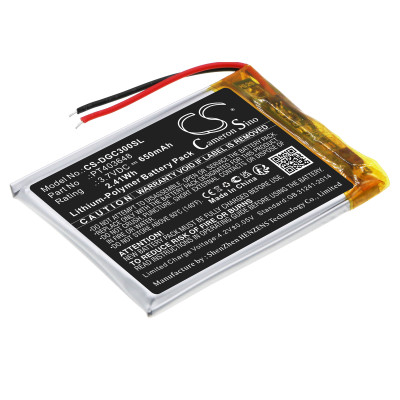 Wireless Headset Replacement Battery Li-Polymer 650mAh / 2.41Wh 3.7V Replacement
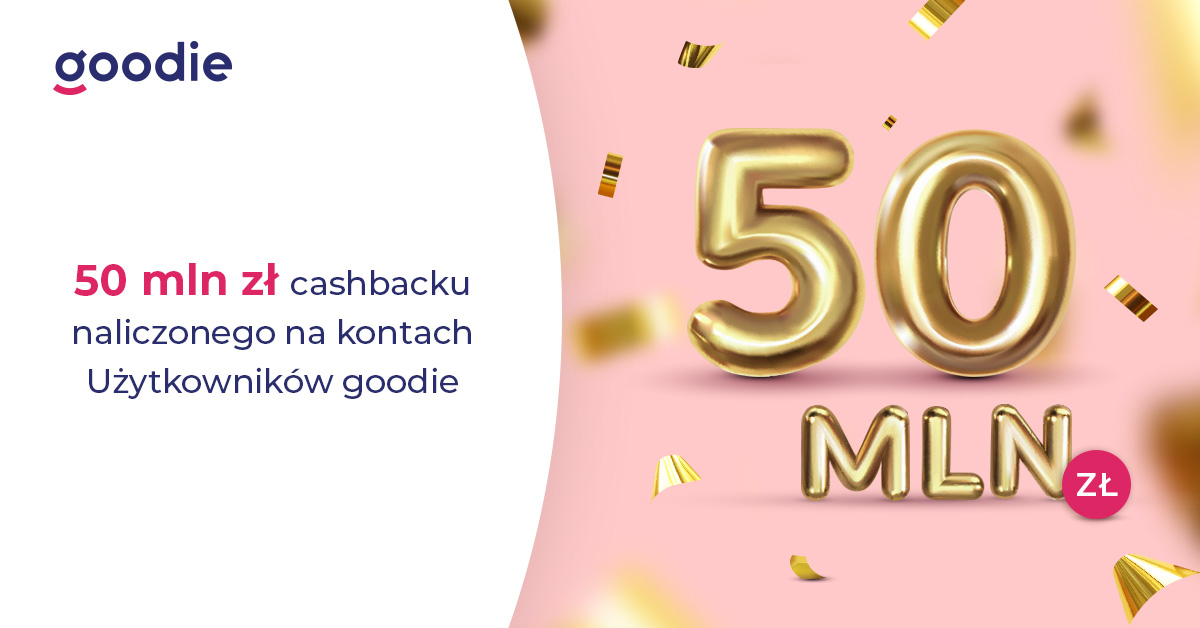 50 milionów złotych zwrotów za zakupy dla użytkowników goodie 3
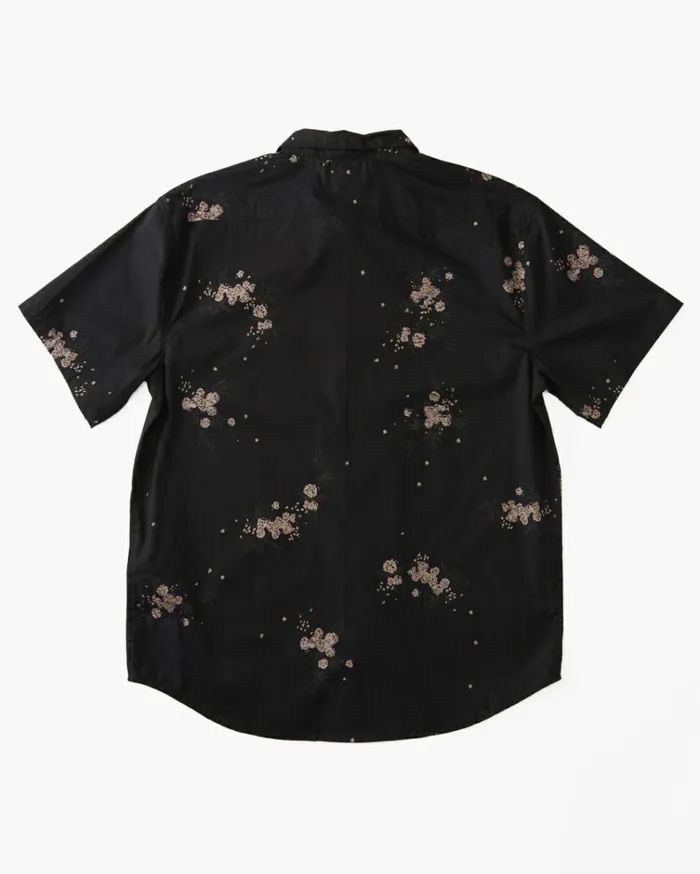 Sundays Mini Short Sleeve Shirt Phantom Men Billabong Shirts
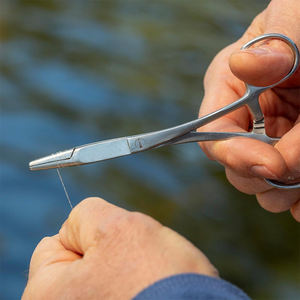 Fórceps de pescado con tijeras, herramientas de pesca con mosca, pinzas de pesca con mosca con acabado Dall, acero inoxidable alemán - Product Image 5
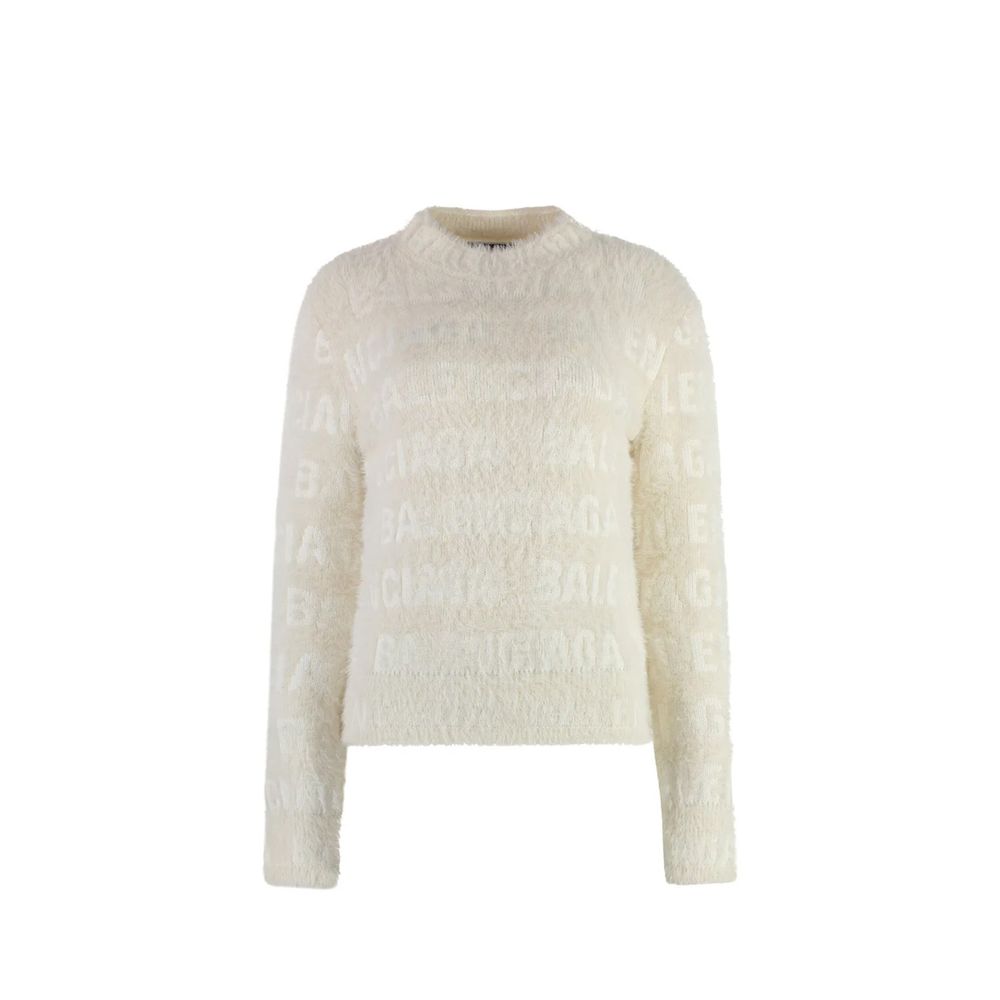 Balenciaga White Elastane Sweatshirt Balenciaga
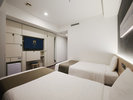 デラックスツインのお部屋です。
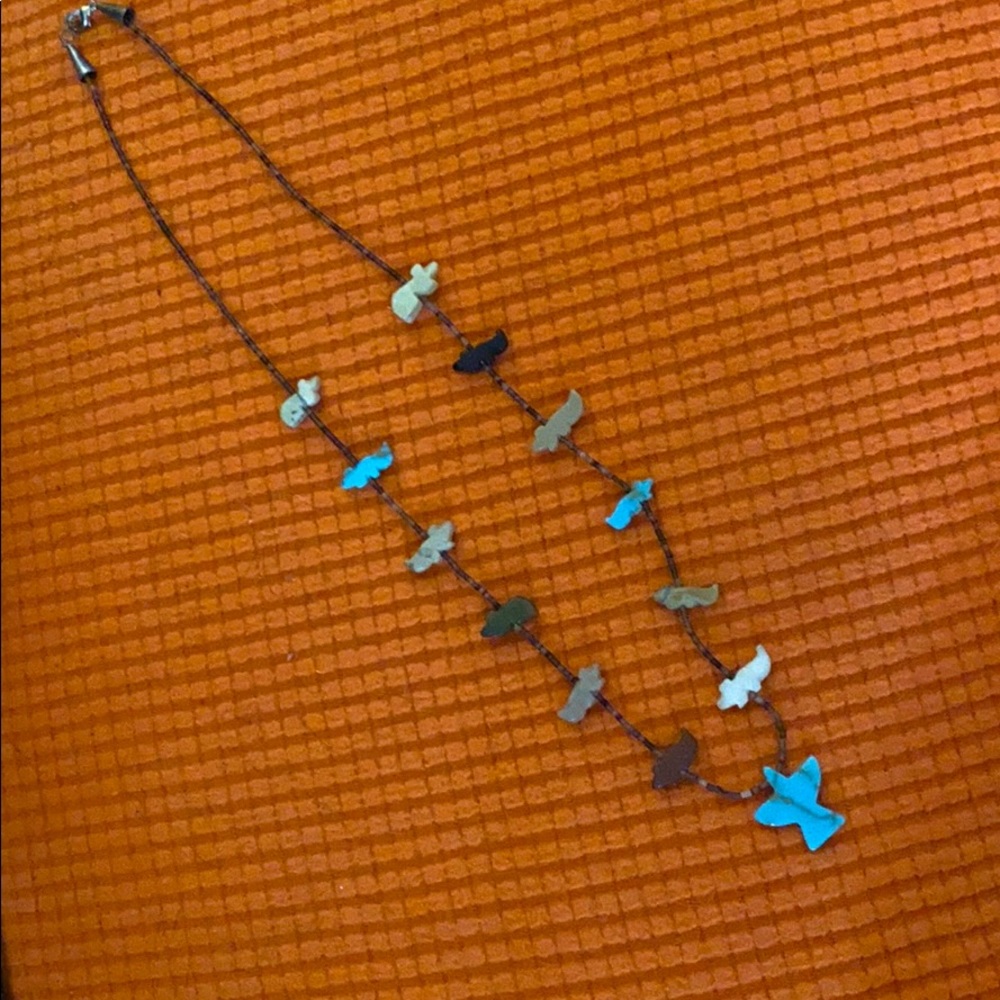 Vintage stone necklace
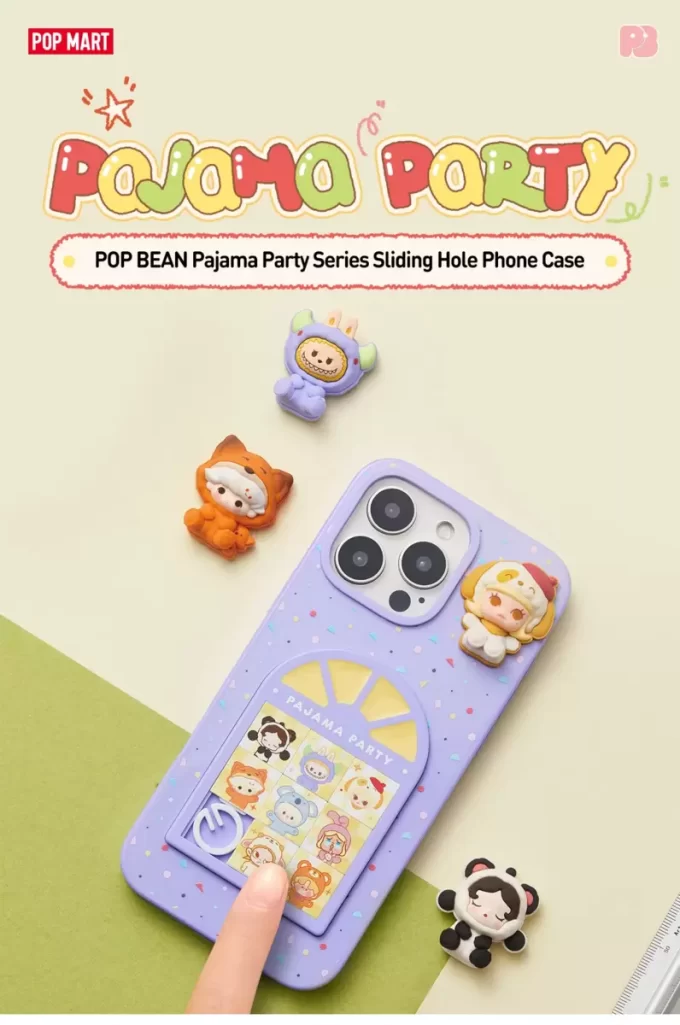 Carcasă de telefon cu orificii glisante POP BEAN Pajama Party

....................

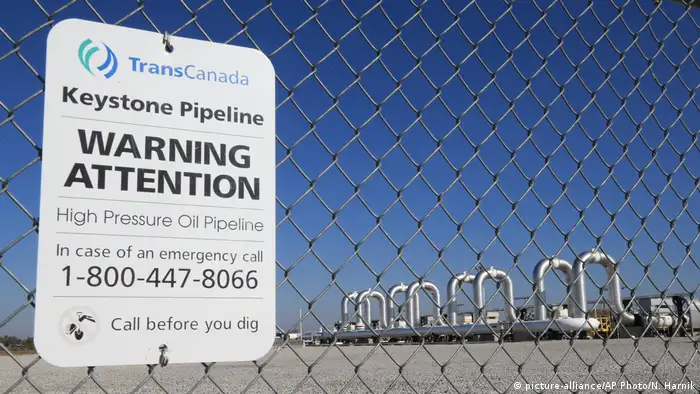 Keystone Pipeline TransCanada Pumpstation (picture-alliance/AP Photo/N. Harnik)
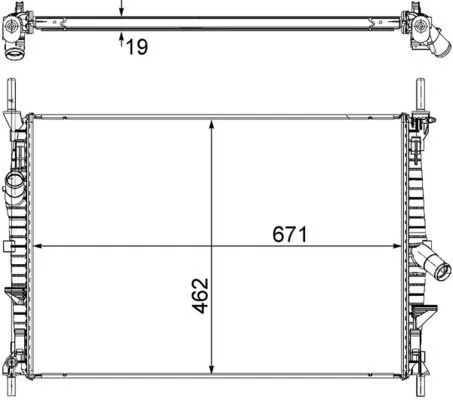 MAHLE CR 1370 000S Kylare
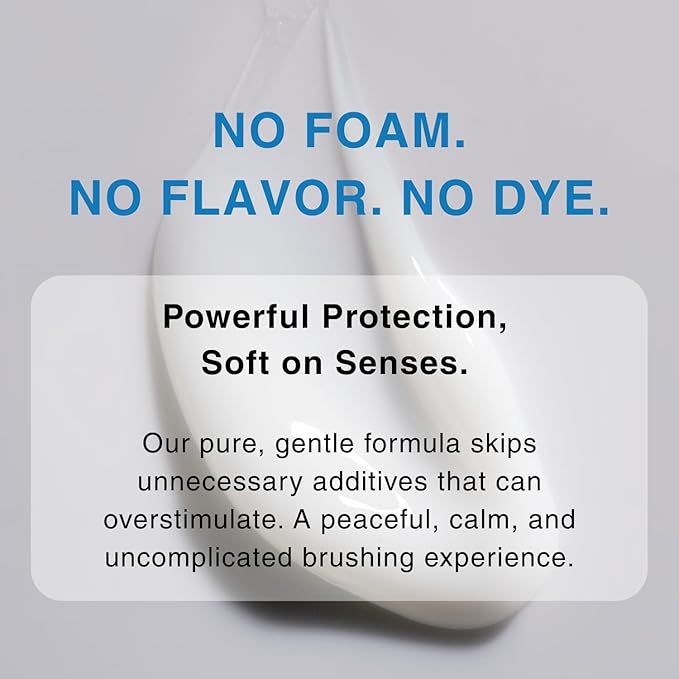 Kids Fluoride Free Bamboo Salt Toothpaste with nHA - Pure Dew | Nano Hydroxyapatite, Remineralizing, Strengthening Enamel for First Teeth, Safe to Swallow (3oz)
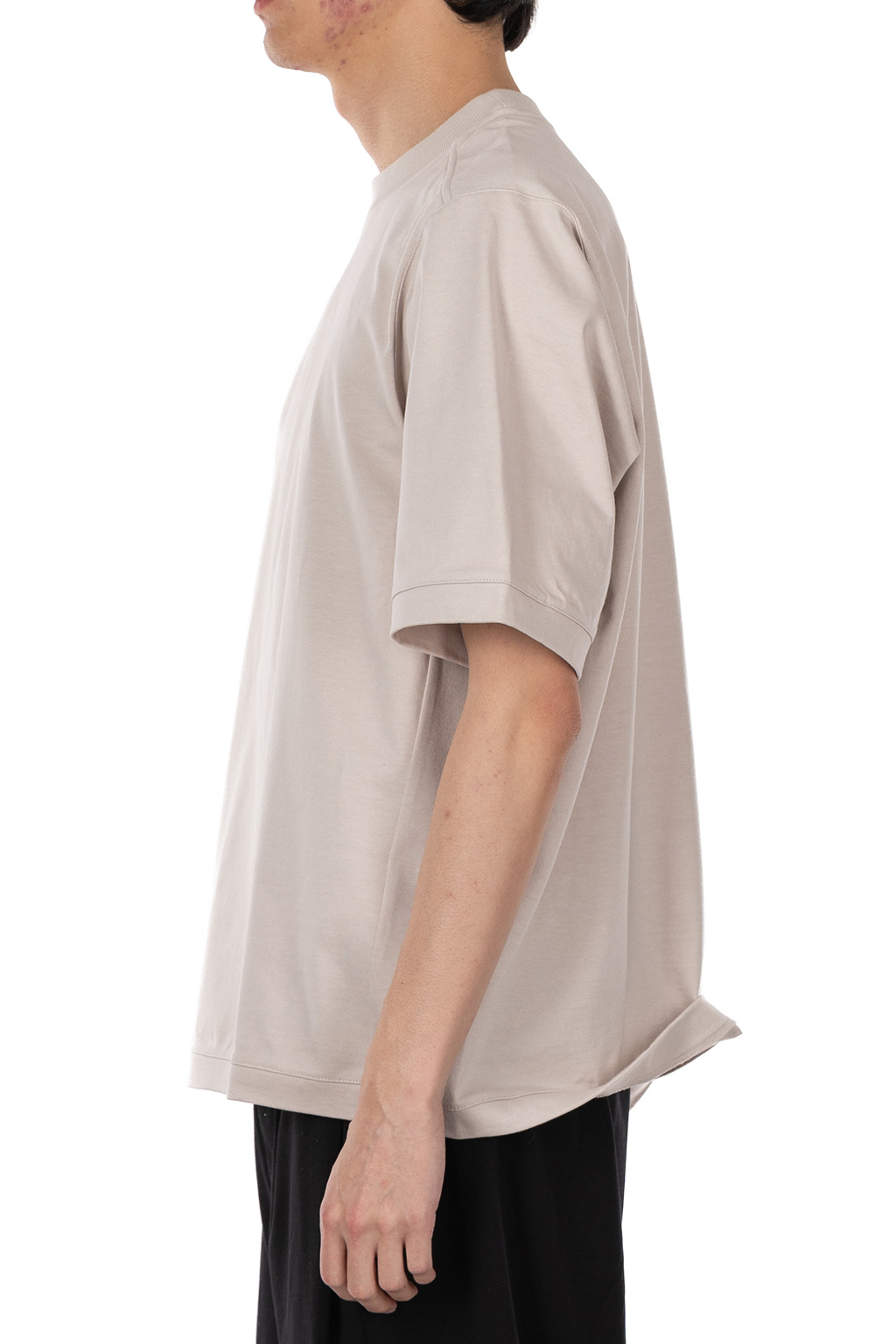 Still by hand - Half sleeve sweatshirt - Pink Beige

....................

ACTION ITEM: Nothing outside the stretch above, from the line with "Wireless Headset Replacement" through the line with "Sundays Mini Short", is set down. Transcribe that stretch exactly, ends included, but not its pictures.

WRITTEN SOLUTION:
 Wireless Headset Replacement Battery Li-Polymer 650mAh / 2.41Wh 3.7V Replacement
 50 milionów złotych zwrotów za zakupy dla użytkowników goodie 3
 Sundays Mini Short Sleeve Shirt Phantom Men Billabong Shirts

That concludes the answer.